12 juin 2024
Il y a près d’un an que j’attendais ce moment, cet événement, cette fresque théâtrale de l’oeuvre de Michel Tremblay, La traversée du siècle, conçue par le regretté André Brassard et Alice Ronfard qui l’a menée à terme. Je m’y suis préparée par la lecture de l’ensemble des Chroniques du Plateau Mont-Royal et de celle de Victoire. J’avais fébrilement tenté de m’acheter des billets pour être de l’événement et j’ai finalement réussi à en obtenir.
Le jour J arrivé, le 8 juin 2024, j’étais un peu nerveuse, anxieuse – – 12 heures consécutives de spectacle; soutiendrais-je l’attention, l’intérêt? Ma réponse et celle du public, fut OUI.
Pourquoi? Parce que Alice Ronfard a réussi un coup de maître en concevant et proposant un condensé exceptionnel de l’essence dramatique d’une partie de l’oeuvre de Michel Tremblay et que ce projet «fou» a été livré avec fougue, intensité et émotion.
On ne lit pas six romans en 12 heures; dans le mode lecture, la trame se développe progressivement dans le temps. Dans le format théâtral condensé, l’intensité du texte et du jeu est maximisée, densifiée, et nous frappe en plein coeur. Il y a la rudesse de la langue mais aussi la poésie des images et l’émouvante présence de la musique.
La journaliste Odile Tremblay a vu le même spectacle il y a deux ans.
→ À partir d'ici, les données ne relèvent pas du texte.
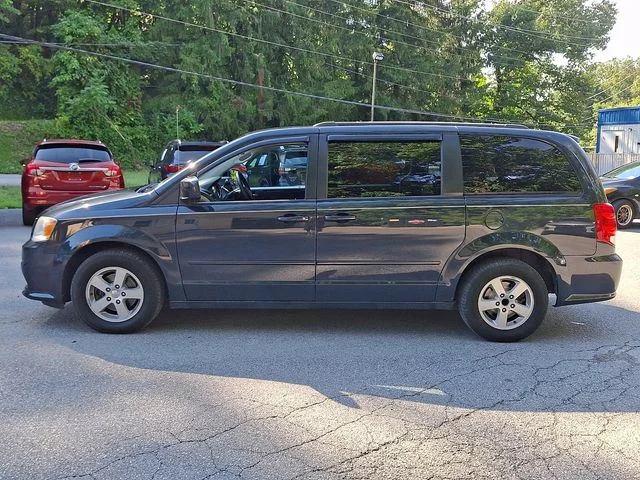 Used 2013 Gray Dodge SXT image 7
Je viens de relire son texte publié dans Le Devoir et j’en reproduis ici de larges extraits parce que je partage ses perceptions.
«Je voudrais vous parler d’un formidable événement théâtral auquel j’ai assisté. Pour sa beauté, son souffle, sa rareté, pour l’accueil triomphal récolté. Parce que ce spectacle nous réconciliait avec nos temps durs. Oui, l’art peut engendrer une intense communion dans sa foulée. (…) Un marathon de douze heures incluant les pauses, en six volets, pensez donc! à Espace libre, rue Fullum. (…)!»
J’ai vécu l’événement au théâtre du Rideau-Vert, rue Saint-Denis, le 8 juin 2024. L’organisation de la journée a été d’une remarquable et redoutable efficacité.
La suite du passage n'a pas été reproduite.